_REQUIRED WORK:_ In the listing that follows, the lines starting at the one containing "VENTURE HOME Noble" and ending at the one containing "Art Grey Peter" are to be returned exactly, both boundary lines included, and no others.

Start of RECORDED INFORMATION

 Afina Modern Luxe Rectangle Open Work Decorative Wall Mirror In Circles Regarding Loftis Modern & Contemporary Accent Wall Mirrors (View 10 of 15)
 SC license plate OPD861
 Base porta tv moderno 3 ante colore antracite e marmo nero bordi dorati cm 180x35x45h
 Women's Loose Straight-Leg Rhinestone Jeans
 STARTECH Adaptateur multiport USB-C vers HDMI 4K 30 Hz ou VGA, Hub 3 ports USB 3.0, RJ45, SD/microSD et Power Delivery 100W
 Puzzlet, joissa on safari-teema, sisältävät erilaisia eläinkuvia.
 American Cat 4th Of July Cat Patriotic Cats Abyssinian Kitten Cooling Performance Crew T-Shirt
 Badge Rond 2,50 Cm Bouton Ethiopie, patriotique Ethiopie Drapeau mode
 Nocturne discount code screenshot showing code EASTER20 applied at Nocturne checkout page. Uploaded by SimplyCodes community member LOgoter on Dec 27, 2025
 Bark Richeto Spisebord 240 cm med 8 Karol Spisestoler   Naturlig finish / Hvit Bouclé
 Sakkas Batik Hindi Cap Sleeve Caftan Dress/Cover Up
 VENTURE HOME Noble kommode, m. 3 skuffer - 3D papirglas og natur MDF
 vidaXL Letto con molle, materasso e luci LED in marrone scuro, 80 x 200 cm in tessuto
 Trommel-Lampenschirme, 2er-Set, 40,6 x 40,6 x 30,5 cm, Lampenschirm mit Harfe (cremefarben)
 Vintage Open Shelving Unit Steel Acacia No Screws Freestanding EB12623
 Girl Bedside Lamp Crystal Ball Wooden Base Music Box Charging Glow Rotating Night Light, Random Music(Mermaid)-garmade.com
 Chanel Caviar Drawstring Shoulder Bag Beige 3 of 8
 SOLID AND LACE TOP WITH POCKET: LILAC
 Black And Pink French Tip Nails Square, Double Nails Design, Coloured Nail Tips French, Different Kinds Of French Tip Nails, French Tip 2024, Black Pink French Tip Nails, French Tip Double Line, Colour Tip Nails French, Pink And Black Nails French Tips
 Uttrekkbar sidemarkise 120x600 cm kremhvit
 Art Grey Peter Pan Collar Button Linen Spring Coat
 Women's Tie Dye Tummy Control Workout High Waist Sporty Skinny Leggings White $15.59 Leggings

End of RECORDED INFORMATION

_WRITTEN RESPONSE:_
 VENTURE HOME Noble kommode, m. 3 skuffer - 3D papirglas og natur MDF
 vidaXL Letto con molle, materasso e luci LED in marrone scuro, 80 x 200 cm in tessuto
 Trommel-Lampenschirme, 2er-Set, 40,6 x 40,6 x 30,5 cm, Lampenschirm mit Harfe (cremefarben)
 Vintage Open Shelving Unit Steel Acacia No Screws Freestanding EB12623
 Girl Bedside Lamp Crystal Ball Wooden Base Music Box Charging Glow Rotating Night Light, Random Music(Mermaid)-garmade.com
 Chanel Caviar Drawstring Shoulder Bag Beige 3 of 8
 SOLID AND LACE TOP WITH POCKET: LILAC
 Black And Pink French Tip Nails Square, Double Nails Design, Coloured Nail Tips French, Different Kinds Of French Tip Nails, French Tip 2024, Black Pink French Tip Nails, French Tip Double Line, Colour Tip Nails French, Pink And Black Nails French Tips
 Uttrekkbar sidemarkise 120x600 cm kremhvit
 Art Grey Peter Pan Collar Button Linen Spring Coat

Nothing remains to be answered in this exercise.